Here is a white paper from the official pages of the NCAA.ORG that gives a good overview of the official view of the issue. Name, Image, Likeness | NCAA.org - The Official Site of the NCAA or Right of Publicity. The operative current NIL standard is as stated;
“In general, to maintain NCAA eligibility, Division I student-athletes may not promote or endorse a commercial product or service, even if they are not paid to participate in the activity. Athletes may use their image to continue participating in non-athletically related promotional activities if they were initiated before college enrollment.”
In plain English this means that the current rules are strict, and the person can promote their own products and businesses as themselves, not as athletes and/or representatives of the sport or sport related ephemera; WITH permission.
Notice that the end of the white paper denotes the 2020 year as a period of investigation, negotiation, and proposal creation for review, debate, and approval/disapproval at this month’s NCAA Convention. Up until that time the flow of the debate has been behind closed doors with few leaks concerning the contents. That condition gives us a real opportunity to talk about the broader spectrum of the issue and potential pitfalls. There will be a full follow-up once the new rules are established, if at all.
The Expectation and the Possible Results
USATODAY managed to say not much of anything more significant than things might not match up between California laws that started this whole adventure back in early 2020, and the chart of events outlined in the NCAA whitepaper listed, above. It does, however, at December 7, 2020 seem to be the most current summary of the very sticky situation.
It does mention and link to a Florida law that will go into effect in July 2021 by Florida. and it mentions in passing a Nebraska law that will supposedly go into effect in mid 2023. Colorado and New Jersey have also managed to pass laws; but the regulations are all slightly different.

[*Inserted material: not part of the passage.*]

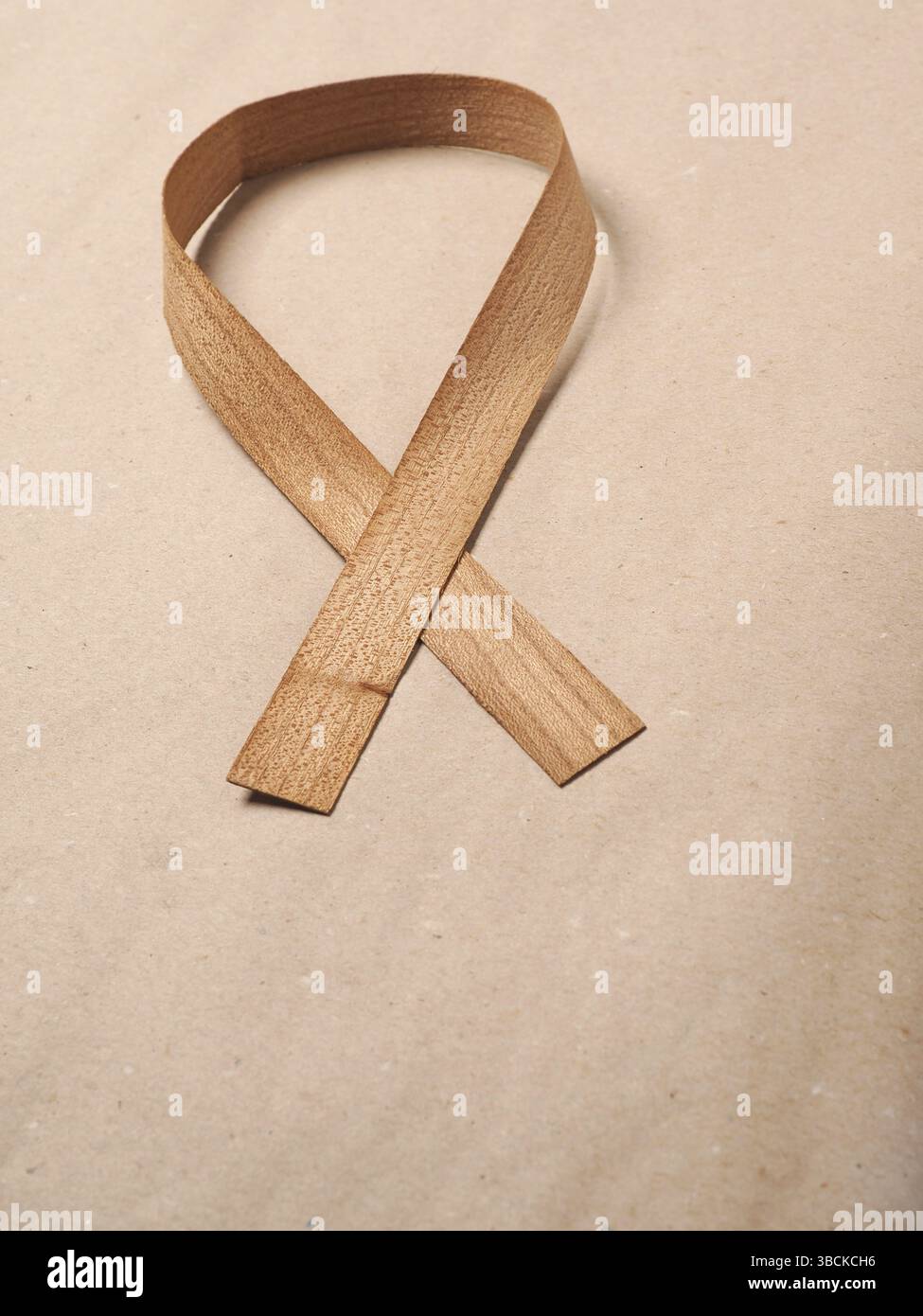 Holzrand Furnier Locke auf einem natürlichen Papier Hintergrund mit Raum, Symbol für Leberkrebs Bewusstsein, Weltkrebstag Stockfoto
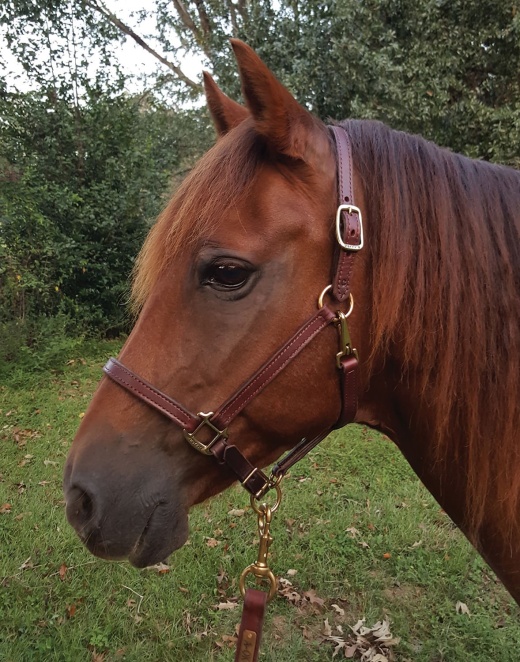 Perri's Leather Halters And Leads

In all of these cases the implementation will be non-uniform and the regulations will slightly compete. What we can see from the NCAA rule summary is that the entire NIL issue is going to be serious legal pogey bait (chewing gum), for quite a while. It’s also pretty obvious that Congress will get involved at some point.
As is mentioned in the article, the implications for the lower divisions in the NCAA are still in a strange position. There is, also, nothing at all being said about high school and prep school athletics.
The Beef and the “Sandwich”
The result of this confusing layer of laws and regulations will end up being a serious loss of focus and lots of strange decisions, mistakes, and of course the inevitable law suits to follow. The reality is that a patchwork quilt of laws across all 50 states and even the territories will end up resulting in an equally confusing mess as the implementations begin, as early as this year, and as late as a few years from now.
The beef – meaning the fight, the problem, the issue… (Perhaps it shouldn’t be ‘beef’ maybe it should be plural, ‘beefs’?) will be the old Latin question Cui bono? (Who benefits?) The laws are supposed to help out the student athlete (regardless of sport, this will hit all collegiate sports, not just football) but might just make it nearly impossible for anything to be done in any direction.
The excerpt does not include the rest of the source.